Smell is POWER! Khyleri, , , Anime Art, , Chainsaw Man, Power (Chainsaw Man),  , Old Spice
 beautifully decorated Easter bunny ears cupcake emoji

* * *

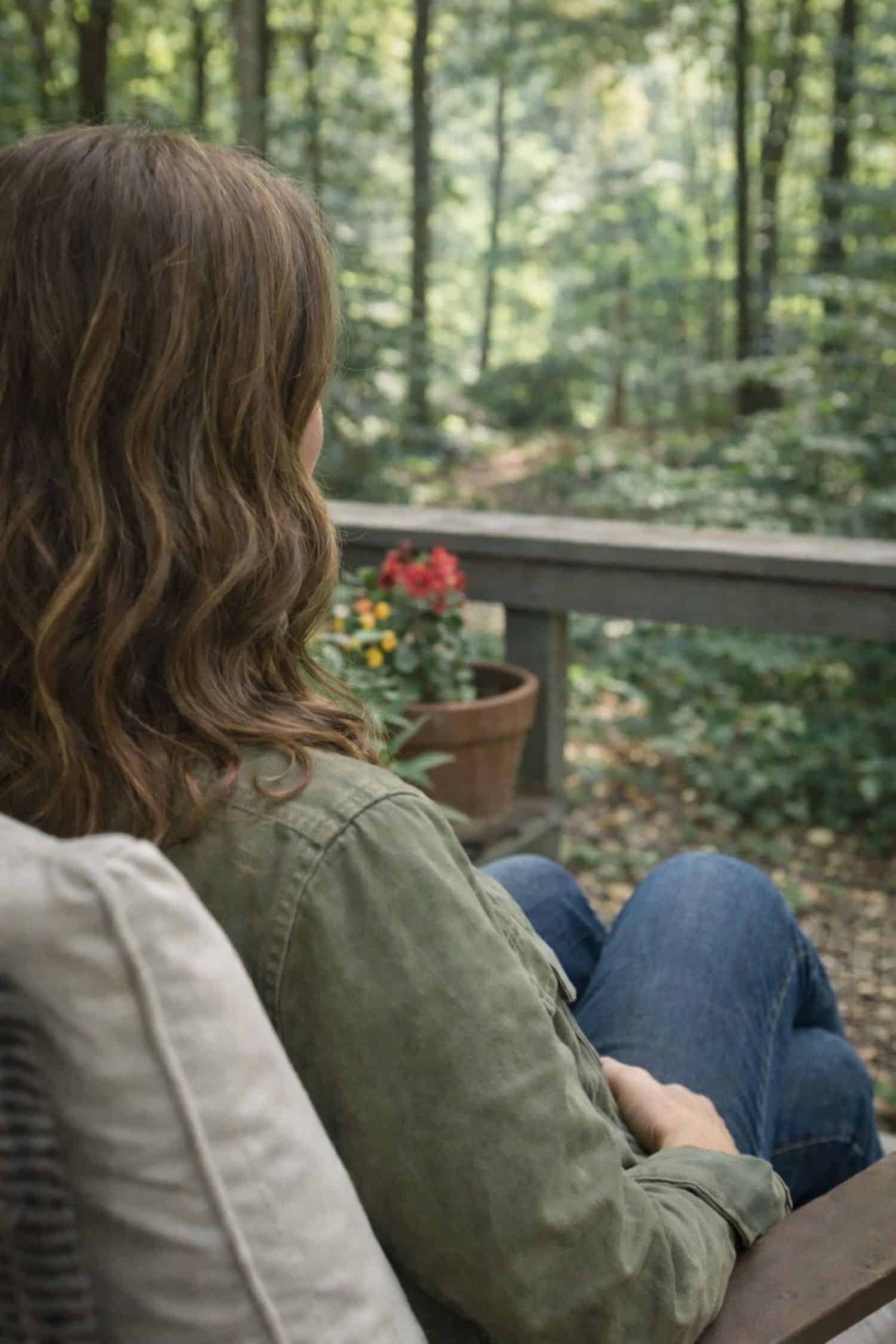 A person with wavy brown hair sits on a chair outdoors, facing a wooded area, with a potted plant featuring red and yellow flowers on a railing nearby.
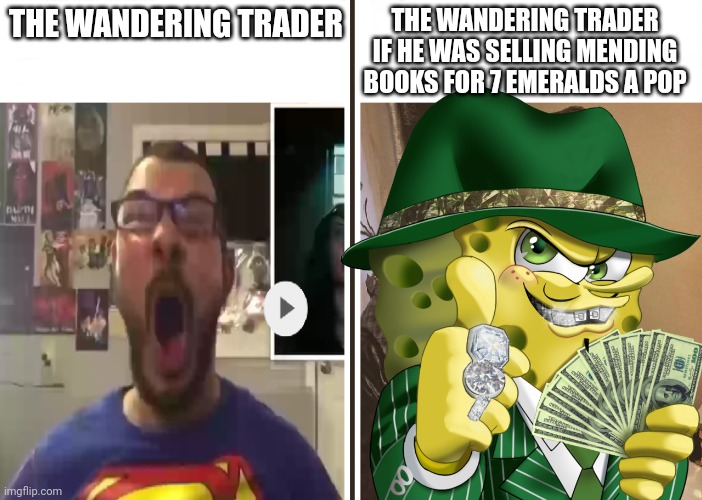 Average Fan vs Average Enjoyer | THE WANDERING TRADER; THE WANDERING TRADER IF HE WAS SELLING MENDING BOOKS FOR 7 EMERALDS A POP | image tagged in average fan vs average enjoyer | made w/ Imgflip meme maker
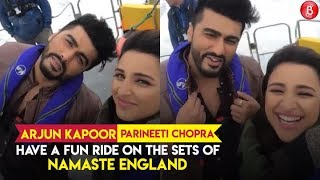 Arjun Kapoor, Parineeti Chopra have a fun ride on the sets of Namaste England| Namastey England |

...

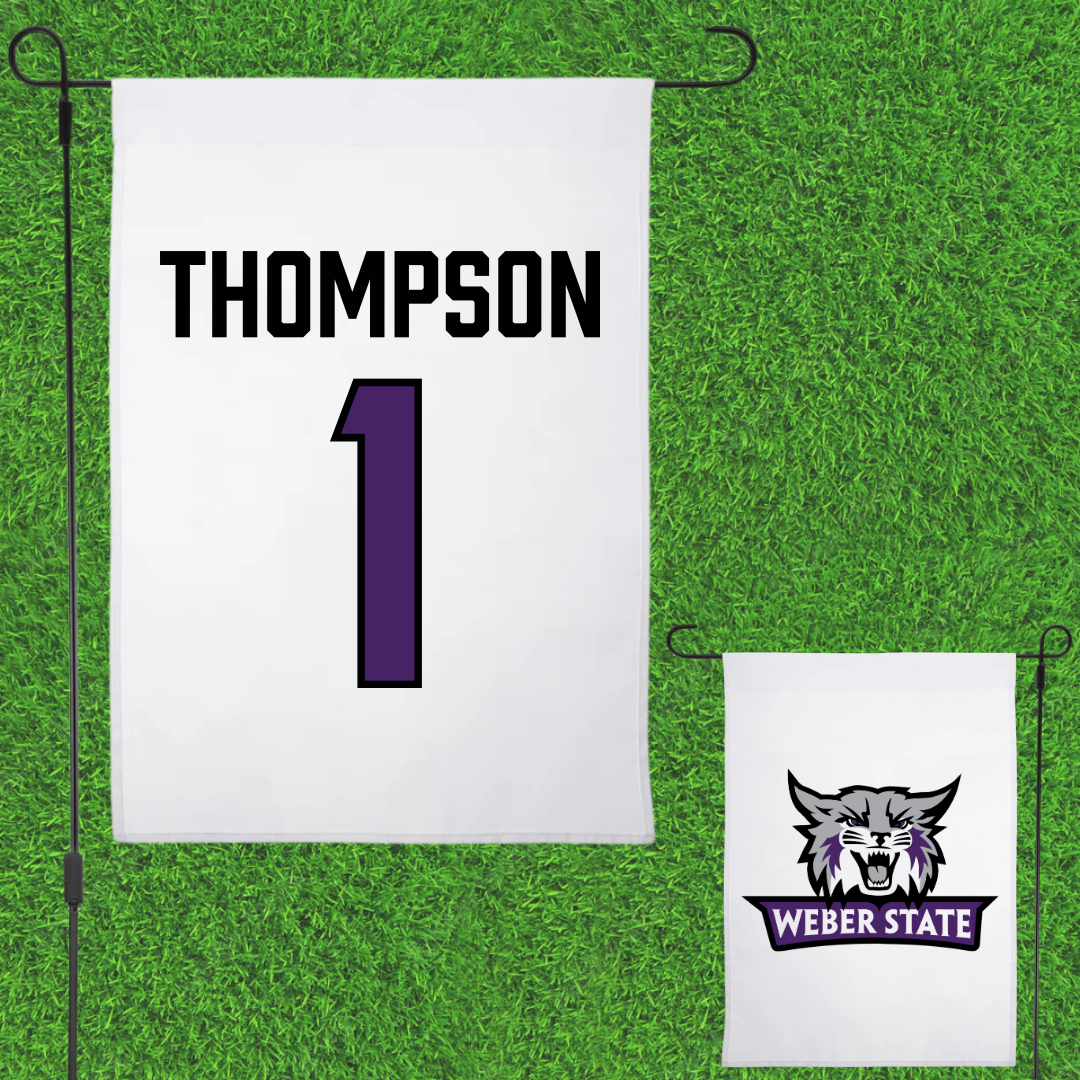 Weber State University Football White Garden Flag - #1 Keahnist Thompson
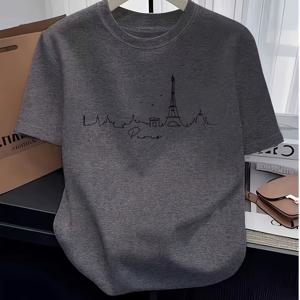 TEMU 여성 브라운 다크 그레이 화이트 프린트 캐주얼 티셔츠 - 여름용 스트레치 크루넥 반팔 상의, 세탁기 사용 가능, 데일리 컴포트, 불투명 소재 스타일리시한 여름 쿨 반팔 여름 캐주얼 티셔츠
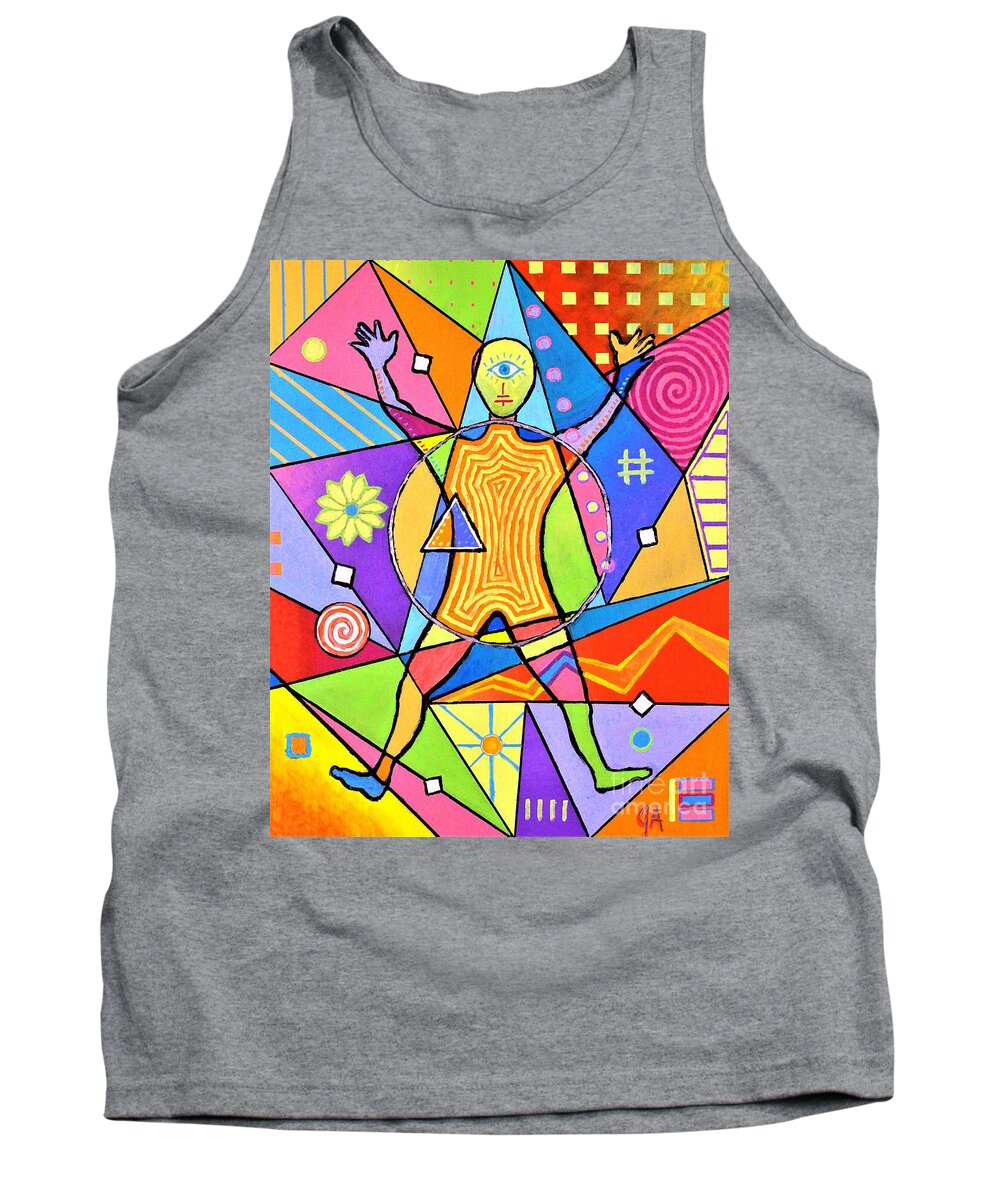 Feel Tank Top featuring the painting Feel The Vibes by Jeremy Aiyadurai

#### Your goal:
The copy should hold exactly the lines above from the one with "Average Fan vs Average Enjoyer | THE" through the one with "Arjun Kapoor, Parineeti", both ends counted, and no pictures at all.

#### Answer to the exercise:
 Average Fan vs Average Enjoyer | THE WANDERING TRADER; THE WANDERING TRADER IF HE WAS SELLING MENDING BOOKS FOR 7 EMERALDS A POP | image tagged in average fan vs average enjoyer | made w/ Imgflip meme maker
 Arjun Kapoor, Parineeti Chopra have a fun ride on the sets of Namaste England| Namastey England |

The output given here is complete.